We employed a rule of minority inclusion when there was a disagreement on a paper. That is, even if only one author deemed that a paper should be included, we included it for further examination. Our rationale was that applying this rule would minimize the risk of missing a relevant study. After screening by all authors and the resolution of disagreements, 13 papers remained (i.e., 37 papers were excluded). Next, all three authors read the full texts of the remaining 13 papers, using the same inclusion and exclusion criteria from the screening. After the full-text review, we discussed any disagreement on inclusion and managed to reach a consensus for all discussed papers. In the end, 8 papers remained (i.e., 5 were excluded).

The first author then proceeded to collect the following data from the 8 papers: topic domain (using software development activities as codes), ML algorithms used, the purpose of ML use (a.k.a, prediction task), use of a pre-existing data set, input and output of the ML models, stimulus type, study setting, participant type, the number of participants, additional sensors used, limitations/threats to validity and future work.

Meanwhile, we informally reviewed past publications from the workshop venue - Eye Movement in Programming (EMIP). We found two papers that had the potential to be added to the final paper set but were not captured by the search string mentioned above. The reason was the use of the term "code reading" as a representative software development activity, which we had not included in our initial search string formulation. In addition, when we were coding the data gathered from the 8 papers mentioned above, we identified some frequently-used machine learning techniques, e.g. Random Forest. Hence, we refined the search string to include these techniques to potentially capture more papers of interest, the additions are highlighted in Fig. 1. When we used this search string on Scopus on Feb 1, 2023, we got 83 papers in the search result, with an overlap of 50 papers with the result of the previous search string, i.e., we found 33 new papers. We then went through the same process as described earlier with these 33 papers and ended up including 2 further papers, resulting in a final set of 10 papers.

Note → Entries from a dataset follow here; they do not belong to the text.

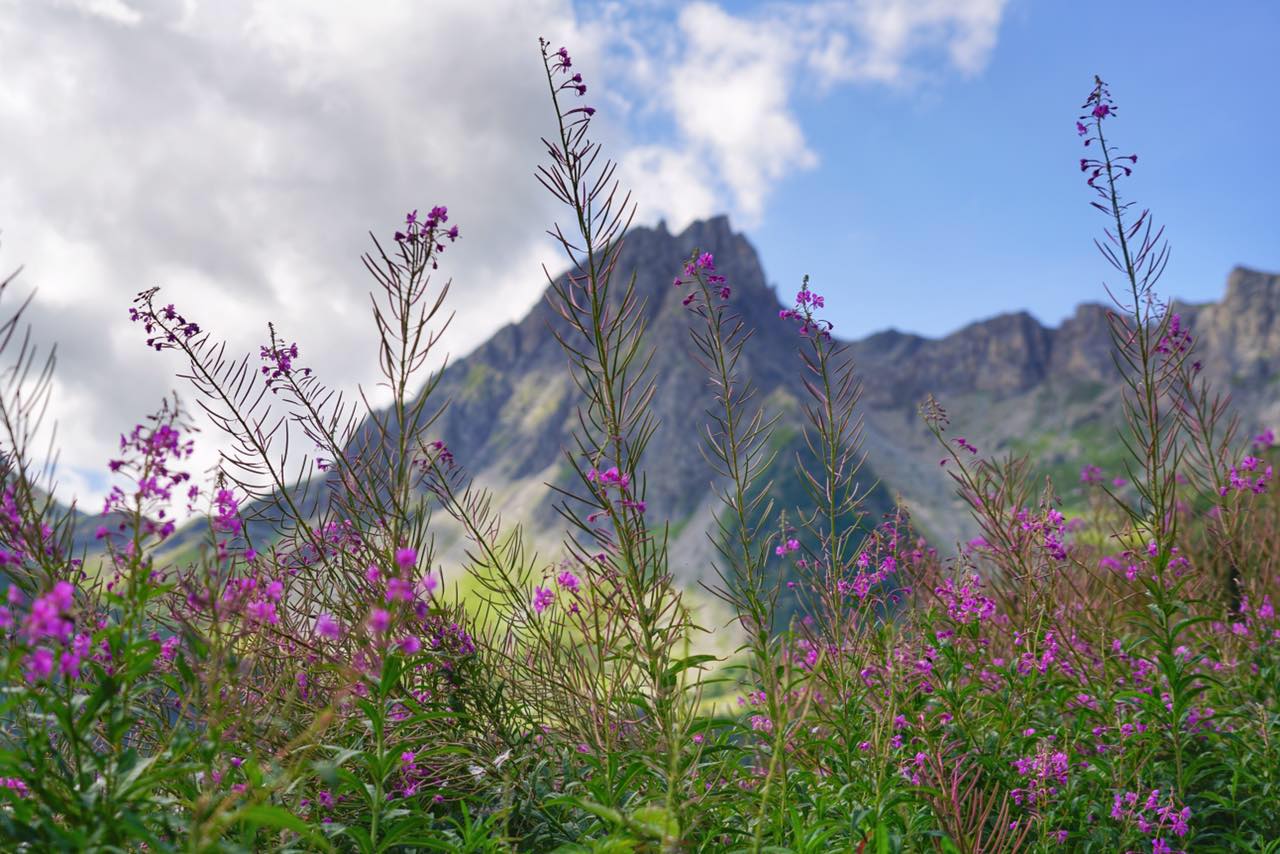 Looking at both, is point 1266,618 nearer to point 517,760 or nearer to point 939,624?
point 939,624

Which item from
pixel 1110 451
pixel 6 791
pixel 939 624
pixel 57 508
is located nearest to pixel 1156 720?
pixel 939 624

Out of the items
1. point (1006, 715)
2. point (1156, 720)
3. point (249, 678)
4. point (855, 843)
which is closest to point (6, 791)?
point (249, 678)

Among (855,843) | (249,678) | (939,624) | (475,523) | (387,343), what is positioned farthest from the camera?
(939,624)

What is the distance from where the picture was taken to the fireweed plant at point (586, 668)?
91.7 inches

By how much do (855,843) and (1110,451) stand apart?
205 m

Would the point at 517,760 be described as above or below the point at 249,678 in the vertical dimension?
below

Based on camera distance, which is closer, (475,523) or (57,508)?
(57,508)

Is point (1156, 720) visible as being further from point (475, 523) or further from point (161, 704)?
point (161, 704)

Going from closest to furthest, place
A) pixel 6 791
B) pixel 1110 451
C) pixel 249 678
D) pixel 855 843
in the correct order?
pixel 6 791, pixel 855 843, pixel 249 678, pixel 1110 451

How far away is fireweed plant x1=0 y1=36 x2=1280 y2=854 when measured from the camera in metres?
2.33

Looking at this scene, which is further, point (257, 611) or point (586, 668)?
point (586, 668)

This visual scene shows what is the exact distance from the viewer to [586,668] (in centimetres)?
338

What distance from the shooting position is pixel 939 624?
4.93 meters

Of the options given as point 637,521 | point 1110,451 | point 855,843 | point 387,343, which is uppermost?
point 1110,451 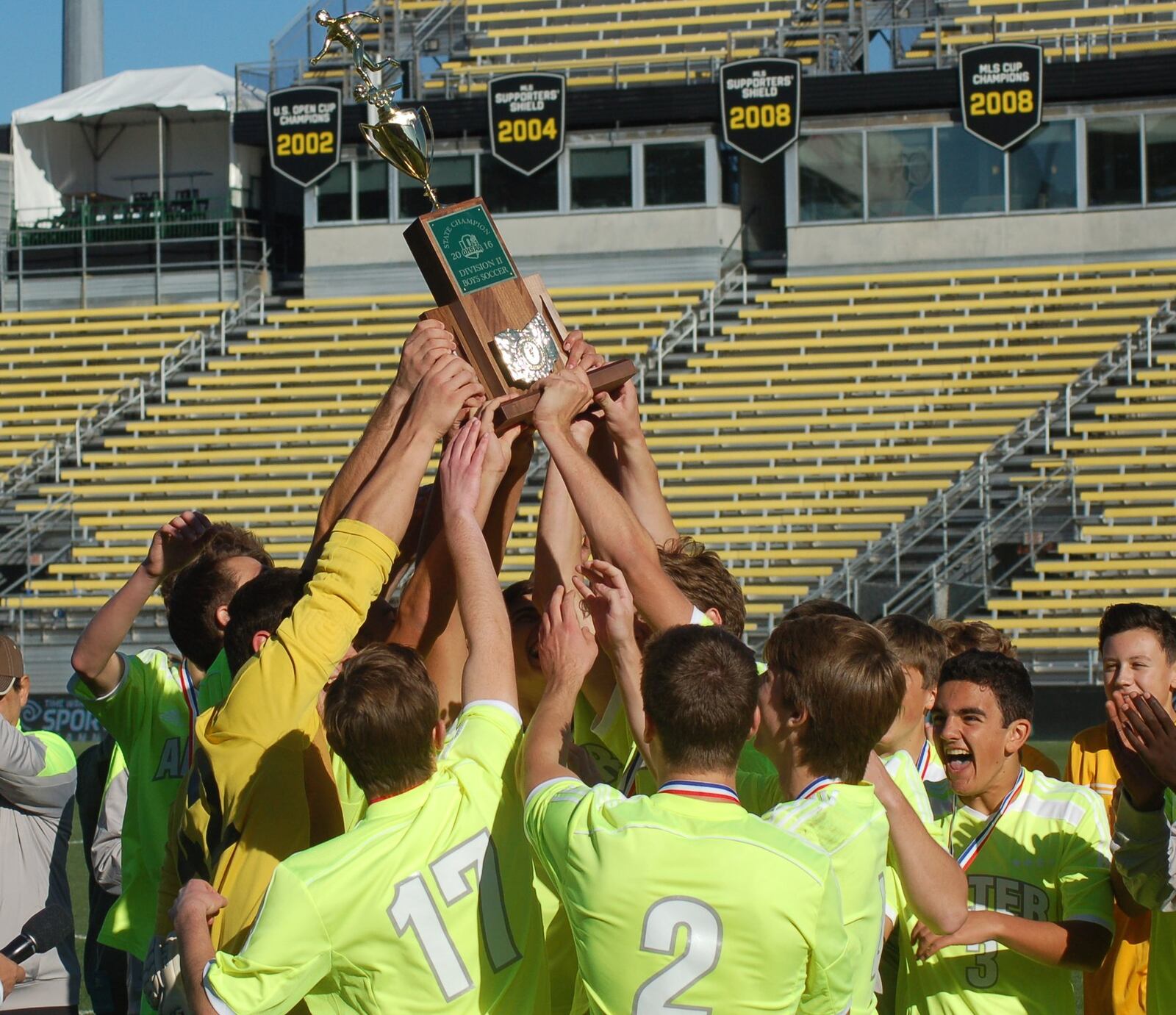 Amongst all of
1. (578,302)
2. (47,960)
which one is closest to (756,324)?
(578,302)

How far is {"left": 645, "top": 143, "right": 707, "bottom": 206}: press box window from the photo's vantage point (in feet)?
69.0

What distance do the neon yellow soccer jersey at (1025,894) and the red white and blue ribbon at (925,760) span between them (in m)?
0.43

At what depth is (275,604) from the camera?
3.21 metres

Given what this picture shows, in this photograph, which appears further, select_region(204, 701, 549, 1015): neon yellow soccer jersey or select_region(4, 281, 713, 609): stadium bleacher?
select_region(4, 281, 713, 609): stadium bleacher

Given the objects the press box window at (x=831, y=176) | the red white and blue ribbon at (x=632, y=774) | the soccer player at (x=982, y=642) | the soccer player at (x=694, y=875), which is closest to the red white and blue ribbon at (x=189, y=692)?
the red white and blue ribbon at (x=632, y=774)

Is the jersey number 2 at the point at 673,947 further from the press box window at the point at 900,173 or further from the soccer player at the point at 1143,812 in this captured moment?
the press box window at the point at 900,173

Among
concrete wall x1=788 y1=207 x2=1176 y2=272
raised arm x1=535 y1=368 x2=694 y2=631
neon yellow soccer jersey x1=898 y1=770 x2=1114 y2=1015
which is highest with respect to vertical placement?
concrete wall x1=788 y1=207 x2=1176 y2=272

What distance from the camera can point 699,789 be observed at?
2609 millimetres

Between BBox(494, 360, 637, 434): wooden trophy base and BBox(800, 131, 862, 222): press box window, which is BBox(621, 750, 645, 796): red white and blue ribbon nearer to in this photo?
BBox(494, 360, 637, 434): wooden trophy base

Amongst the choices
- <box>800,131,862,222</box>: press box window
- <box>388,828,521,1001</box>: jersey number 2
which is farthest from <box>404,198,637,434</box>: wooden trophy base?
<box>800,131,862,222</box>: press box window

Since there was strong inter-rater reliability (Kappa=0.84) between the first three authors during the first round of screening and we always reached a consensus after discussion throughout the screenings, we deemed it sufficient for the first author to proceed alone with the coding of the gathered data 3.

When coding experiment-related attributes such as the number of participants and participant type, we collected the information included in publications connected to the study described in the reviewed paper if it is not reported or omitted in the paper we reviewed. Otherwise, we used or prioritized the information reported in the reviewed paper. In some papers we reviewed, we found that their data sample was a subset of the data from an earlier study, e.g. to meet some custom research needs [Harada and Nakayama 2021].

3 RESULTS

Table 1: Overview of selected papers. ICPC = International Conference on Program Comprehension, ISSRE = International Symposium on Software Reliability Engineering, ETRA = Eye Tracking Research and Applications Symposium, APSIPA ASC = Asia-Pacific Signal and Information Processing Association Annual Summit and Conference, JSS = Journal of Systems and Software, VISSOFT = Working Conference on Software Visualization, UMAP = Conference on User Modeling, Adaptation and Personalization, JCC = Journal of Cluster Computing, ICSE = International Conference on Software Engineering, EDA = Electrodermal Activity, HRV = Heart Rate Variability, EEG = Electroencephalogram, CSS = Closed Source Software, OSS = Open Source Software.
Paper Year Venue Use of data set Stimulus type Study setting Participant type Nbr. participants Extra sensors
ASW22 [Abbad-Andaloussi et al. 2022] 2022 ICPC No Edu. Lab Mixed 16 EDA
APSM21 [Al Madi et al. 2021] 2021 ICPC Yes Edu. Mixed Mixed 20 -
HCC+21 [Hijazi et al. 2021] 2021 ISSRE No Edu. Lab Mixed 21 HRV
HN21 [Harada and Nakayama 2021] 2021 ETRA Yes Edu. Lab Mixed 157 -
AO20 [Ahsan and Obaidellah 2020] 2020 APSIPA No Edu. Lab Students 66 -
VBMB20 [Vrzakova et al. 2020] 2020 JSS No CSS Workplace Practitioners 37 EDA + Mouse
ZSPSY19 [Zhang et al. 2019] 2019 VISSOFT Yes OSS Mixed Mixed 22 -
VR18 [Villamor and Rodrigo 2018] 2018 UMAP No Edu. Classroom Students 84 -
LHJNL18 [Lee et al. 2018] 2018 JCC No Edu. Lab Mixed 38 EEG
FBMYZ14 [Fritz et al. 2014] 2014 ICSE No Edu. Lab Practitioners 15 EEG + EDA + Camera

We start by presenting the demographics of the papers we selected and then we present the results with regard to each research question.

3.1 Demographics

The demographics of the selected papers are listed in Table 1. Almost all papers (9 out of 10) were published in 2018 or later, with a peak in 2021 (3 papers). In terms of venue distribution, 8 papers were published in a conference or a symposium, and 2 in journals. The International Conference on Program Comprehension (ICPC) is the top venue with 2 papers. The majority of the papers (7) presented a study that included data collection, while 3 papers reused an existing data set. The majority of papers (8) report on using educational material as stimuli, while the remaining papers (2) report on using code snippets from either open-source software (OSS) or closed-source software (CSS). When it comes to the choice of stimuli, the same type of material, e.g., educational material, is commonly used for both novices and experts, but there might be an increase in task difficulty or code complexity (or experts may get additional tasks). For studies with only practitioners, researchers tended to employ CSS material for the purpose of capturing realistic gaze behaviors in the workplace.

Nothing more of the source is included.